When I entered The Citadel in August of 1963, there was not one spoken or written word of dissent about the war in Vietnam. When I graduated in the spring of 1967, there were protests, candle-lit marches and widespread anger from those who might be drafted.

When I got to law school in 1967, the Mall in Washington was the scene of anti-war demonstrations that completely eclipsed earlier gatherings supporting civil rights or the environment. By 1968, Bobby Kennedy, Eugene McCarthy, Martin Luther King and Muhammad Ali had weighed in on the war, saying it was wrong, unwise, not winnable.

But in fact, the pitched battles — Hue and Tet — were won. Much of the Vietnamese countryside had been secured. But Lyndon Johnson was desperate for a decisive victory, and obsessed with getting his boys back home.

The boys who survived their “tour” were not coming home to acclaim or parades. They had been sullied by William Calley and the 28 civilians killed at My Lai in March of 1968. They were greeted by a public that believed most of the returnees were as guilty as Calley. 

This was, in my opinion, the first fracturing of the Baby Boomer Generation — my generation.

After Vietnam Boomers were presented with the amorality of Richard Nixon, the ineffectiveness of Jimmy Carter, the manufactured sunshine of Ronald Reagan. All the while, the fracturing that came out of Vietnam remained in place.

Eventually Bill Clinton — the first Boomer President — got himself elected knowing that his generation was divided.

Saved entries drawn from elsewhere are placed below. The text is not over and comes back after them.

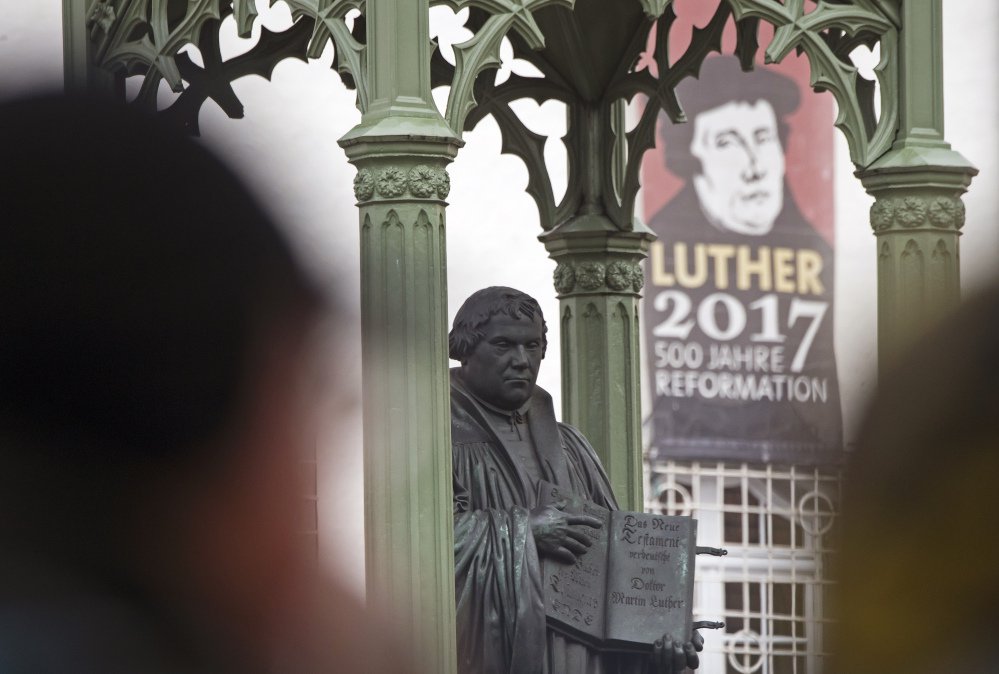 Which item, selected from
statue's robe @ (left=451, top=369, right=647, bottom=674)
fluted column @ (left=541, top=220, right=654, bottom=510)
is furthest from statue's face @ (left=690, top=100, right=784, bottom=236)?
statue's robe @ (left=451, top=369, right=647, bottom=674)

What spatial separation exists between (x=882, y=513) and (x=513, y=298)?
6040 mm

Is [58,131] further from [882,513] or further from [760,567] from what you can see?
[760,567]

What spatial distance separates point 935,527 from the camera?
1788mm

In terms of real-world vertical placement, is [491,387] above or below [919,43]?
below

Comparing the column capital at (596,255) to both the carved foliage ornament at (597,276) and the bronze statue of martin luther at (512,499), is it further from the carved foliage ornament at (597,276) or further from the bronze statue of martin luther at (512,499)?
the bronze statue of martin luther at (512,499)

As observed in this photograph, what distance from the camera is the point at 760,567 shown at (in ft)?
54.5

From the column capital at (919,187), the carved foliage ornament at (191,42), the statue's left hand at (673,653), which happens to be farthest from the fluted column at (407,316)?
the column capital at (919,187)

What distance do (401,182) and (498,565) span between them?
1.42 metres

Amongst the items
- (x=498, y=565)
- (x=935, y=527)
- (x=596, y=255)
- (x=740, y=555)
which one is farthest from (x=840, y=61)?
(x=740, y=555)

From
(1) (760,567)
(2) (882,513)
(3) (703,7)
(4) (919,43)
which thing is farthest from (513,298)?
(1) (760,567)

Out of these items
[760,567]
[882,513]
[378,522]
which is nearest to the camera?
[882,513]

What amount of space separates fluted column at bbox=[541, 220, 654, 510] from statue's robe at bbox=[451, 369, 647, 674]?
4.73ft

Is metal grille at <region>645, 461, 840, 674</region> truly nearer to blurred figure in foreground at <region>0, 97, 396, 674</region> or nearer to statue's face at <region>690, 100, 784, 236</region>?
statue's face at <region>690, 100, 784, 236</region>

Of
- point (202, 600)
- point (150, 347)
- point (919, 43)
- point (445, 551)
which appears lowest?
point (445, 551) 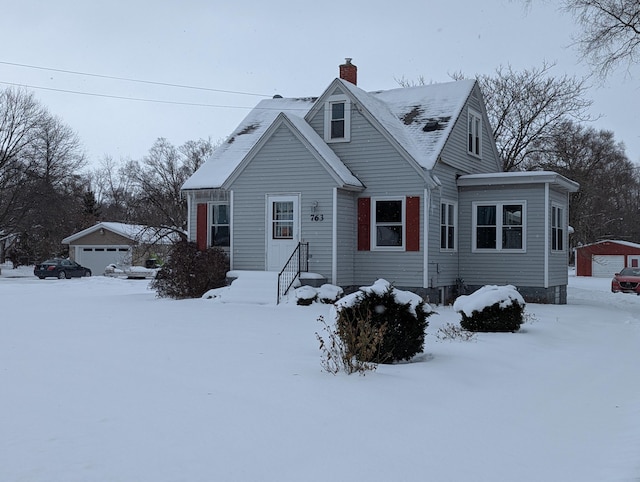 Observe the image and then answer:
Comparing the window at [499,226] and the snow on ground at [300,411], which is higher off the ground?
the window at [499,226]

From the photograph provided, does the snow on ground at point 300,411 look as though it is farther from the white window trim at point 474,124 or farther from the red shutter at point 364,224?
the white window trim at point 474,124

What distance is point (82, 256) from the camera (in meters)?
49.1

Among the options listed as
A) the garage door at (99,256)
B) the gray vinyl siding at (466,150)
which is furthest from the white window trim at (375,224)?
the garage door at (99,256)

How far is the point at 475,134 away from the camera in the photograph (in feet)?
76.8

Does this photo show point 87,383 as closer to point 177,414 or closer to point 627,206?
point 177,414

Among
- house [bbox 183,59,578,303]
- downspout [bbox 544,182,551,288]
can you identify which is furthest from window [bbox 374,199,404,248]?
downspout [bbox 544,182,551,288]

When he ran for re-election he sought a “Third Way,” hoping to recapture the Boomers who were less liberal — who had moved from their aspirational youth into middle-aged pessimism.

Lance Morrow, a columnist who writes for the Wall Street Journal, believes that the “Boomers put off, for almost a lifetime, the intragenerational struggle that finally emerged in 2016.” 

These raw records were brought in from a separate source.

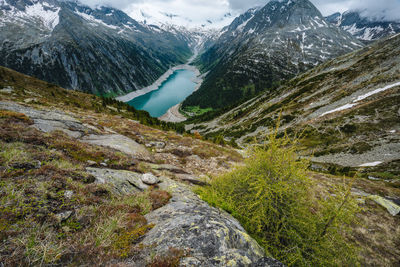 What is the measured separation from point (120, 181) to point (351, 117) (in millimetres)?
66385

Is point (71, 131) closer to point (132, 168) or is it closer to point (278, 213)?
point (132, 168)

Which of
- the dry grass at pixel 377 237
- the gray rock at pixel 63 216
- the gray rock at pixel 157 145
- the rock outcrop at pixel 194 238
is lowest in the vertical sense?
the dry grass at pixel 377 237

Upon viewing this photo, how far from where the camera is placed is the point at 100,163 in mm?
8828

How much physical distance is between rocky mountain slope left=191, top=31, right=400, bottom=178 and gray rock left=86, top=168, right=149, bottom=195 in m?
15.9

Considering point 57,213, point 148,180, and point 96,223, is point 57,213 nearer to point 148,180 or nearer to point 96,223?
point 96,223

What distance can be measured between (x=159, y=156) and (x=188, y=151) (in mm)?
4093

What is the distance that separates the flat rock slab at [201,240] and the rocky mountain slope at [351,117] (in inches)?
582

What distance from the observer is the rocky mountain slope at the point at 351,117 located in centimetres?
3716

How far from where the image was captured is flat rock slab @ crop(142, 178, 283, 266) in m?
3.74

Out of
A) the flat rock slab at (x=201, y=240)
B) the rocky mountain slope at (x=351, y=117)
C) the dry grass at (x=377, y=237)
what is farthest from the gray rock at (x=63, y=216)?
the rocky mountain slope at (x=351, y=117)

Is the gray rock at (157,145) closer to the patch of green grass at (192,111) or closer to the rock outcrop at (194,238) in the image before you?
the rock outcrop at (194,238)

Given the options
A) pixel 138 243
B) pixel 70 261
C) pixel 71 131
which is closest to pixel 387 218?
pixel 138 243

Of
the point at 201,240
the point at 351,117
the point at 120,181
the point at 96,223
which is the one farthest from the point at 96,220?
the point at 351,117

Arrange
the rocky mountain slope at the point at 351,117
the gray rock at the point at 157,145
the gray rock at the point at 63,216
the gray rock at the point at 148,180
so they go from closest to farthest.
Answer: the gray rock at the point at 63,216 < the gray rock at the point at 148,180 < the gray rock at the point at 157,145 < the rocky mountain slope at the point at 351,117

He says that until 2016, the division in this huge generational cohort, was hidden from view. But it came into full view in 2016 when Hillary Clinton and Donald Trump squared-off.

“As they approached the end of their story in the 2010s, it made sense that Donald Trump and Hillary Clinton (Boomer twins and opposites) would be the 2016 presidential nominees — or it made as much sense as the obsessive chic of transgenderism, or discretionary pronouns, or tattoos, or Bob Dylan as a Nobel laureate.”

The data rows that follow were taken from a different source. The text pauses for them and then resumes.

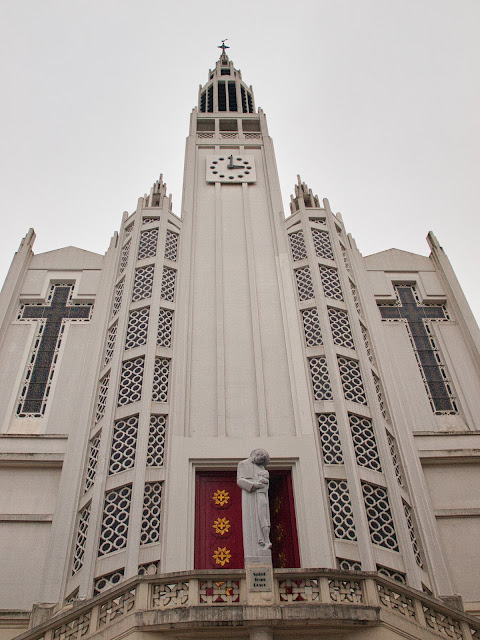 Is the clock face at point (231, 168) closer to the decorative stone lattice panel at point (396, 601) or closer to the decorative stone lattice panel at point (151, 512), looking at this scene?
the decorative stone lattice panel at point (151, 512)

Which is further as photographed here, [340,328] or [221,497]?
[340,328]

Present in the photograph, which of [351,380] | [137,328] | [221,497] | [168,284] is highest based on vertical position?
[168,284]

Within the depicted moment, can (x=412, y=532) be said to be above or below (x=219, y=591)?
above

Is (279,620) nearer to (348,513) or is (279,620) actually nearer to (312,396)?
(348,513)

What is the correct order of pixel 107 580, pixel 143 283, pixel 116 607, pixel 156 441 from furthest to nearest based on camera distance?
1. pixel 143 283
2. pixel 156 441
3. pixel 107 580
4. pixel 116 607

(During the primaries I had been warned—my friend Tom Davis told me that Trump had was likely to win. My wife also worried about the forthcoming election; but I said to her, “I know this country; there is simply no way Trump will win this election.”)

Lance Morrow believes that Trump’s appeal is similar to the appeal of Don Corleone of “Godfather” fame — in spite of our better angels, we are attracted to this grenade-throwing realtor and his contempt for the police commissioner and Members of Congress. 

But I also believe his victory had a lot to do with the internecine warfare that started earlier — first involving those who went (to Vietnam) versus those who dodged or marched on the Mall. When it comes to Vietnam, there are Boomers who will go to their graves believing that the war in Vietnam was wrong. And there are those who believe this was a winnable war, screwed up “by the bureaucrats in Washington.”

Morrow says there is another characteristic of the Boomer Generation — we are self-righteous and smug.

“Their overwhelming numbers have ensured that as they pass through history, they remain snug in a cloud of their collective self-regard. They generate their own publicity, they affirm its truth by believing it. The narcissist is his own best customer.”

I know this fracturing business is simplistic; but I believe the Boomers were divided into two camps in 1968 and that wound never properly healed. (What is strange, perplexing, is the fact that Trump did the dodging routine when the U.S. Army came calling. But that doesn’t bother the “Boomers who fought” faction. They remain a part of his coalition.)

And as the Boomers die and their impact diminishes, the formula for winning the 2020 Presidential race has also changed. These days there seem to be four or five states — Pennsylvania, Michigan, Ohio, etc., — where there are “persuadables.”